I have finally decided to take the plunge. To dare to dream and finally rid myself of this curse that has haunted me for most of my life. I have chose to quit smoking cigarettes and to stop any form of nicotine consumption all together.
This is not really a choice that I was willing to make. I had spent many happy years consuming this carcinogen and a moderate rate. I had probably attempted to quit smoking about 20 or so times over the years. It would seem as though I was getting ready to quit quitting.
It was only when I realised how to overcome all of my excuses would I ever be able to quit this horrible addiction.
I had to quit my job. The only excuse that kept me tied to the coffin nails was that my job was highly stressful and i needed them to help me to calm down during the day. Now that was a valid excuse, did have a extremely stressfull job. I had dozens of people bringing me hundreds of problems everyday.
I quit that job three days ago and as i write this it is my third day without any kind of tobacco or nicotine replacement.
It has been a new experince for me. I don’t know if hell exists but if it does, i would be safe to thik that this is how the people in hell feel all of the time.

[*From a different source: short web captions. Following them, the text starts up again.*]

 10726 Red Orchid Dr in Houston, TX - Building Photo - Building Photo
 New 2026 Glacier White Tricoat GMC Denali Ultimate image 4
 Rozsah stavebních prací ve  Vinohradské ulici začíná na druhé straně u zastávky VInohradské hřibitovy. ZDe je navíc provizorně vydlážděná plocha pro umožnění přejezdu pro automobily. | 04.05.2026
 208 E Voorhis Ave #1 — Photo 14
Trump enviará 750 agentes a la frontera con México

to be perfectly honest, the first two days were hell.
It can be described as twitchy confusion interspersed with hostility and undirected rage. the third day is just confustion. I guess it isn’t all that bad because I still have the ability to drap this machine out of storage and hack out a quck story about my struggles.

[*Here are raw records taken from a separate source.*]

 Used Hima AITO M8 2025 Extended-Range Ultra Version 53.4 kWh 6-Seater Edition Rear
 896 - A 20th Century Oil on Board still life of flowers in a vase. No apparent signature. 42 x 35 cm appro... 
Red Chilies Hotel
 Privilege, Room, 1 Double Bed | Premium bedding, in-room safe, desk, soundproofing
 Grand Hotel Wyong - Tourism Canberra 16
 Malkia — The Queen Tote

I do feel better though. Not physically better, but mentally better. I feel that this is probably one of the most important things that I have ever done in my life. I know that with this major accomplishment out of the way, I can achieve anything that i set my mind on.
Physically, i feel like crap. My lungs feel like they have hardedend up, i am having to constantly clear phlegm from my throat and i can barely work up the energy to do anything.
I still managed to get a few things done today though. I suppose that this will be the discipline practice that i need to focus and implement all of my intent towards attaining my dreams.
I have been getting all sorts of good, unsolicited advice from people. The one bit of advice that is consisten from everyone is that I should stay away from the things that compliment cigarettes. Things such as coffee, beer, sex, driving and big meals.
Its solid advice but I have been tempting myself with beer and enjoying delicious coffee everymorning. I did get a Timmies that nearly brought me to tears when I didn’t have a butt to go with it. The beer just loosesns me up and makes me more courageous. Strengthens my willpower. I haven’t had any big meals to consume in the past few day to test my resolve and as far as an after sex smoke is concerned, I might have sex again. I hope that I have sex again and when that day comes, i will be prepared to reinforce my willpower and stay nicotine free.
I am trying to organise my thoughts about the situation as much as I possibly can but for some reason i find that my mind is slightly more muddled than usual. I will be publishing this peice unedited in order to properly portray how my emotional state is affecting my ablity to properly convey a scentence.
Thank you for spending the time to read this. I hope that you have never chose to smoke cigarettes and that you will never ave to go through the horrendous experience of quitting.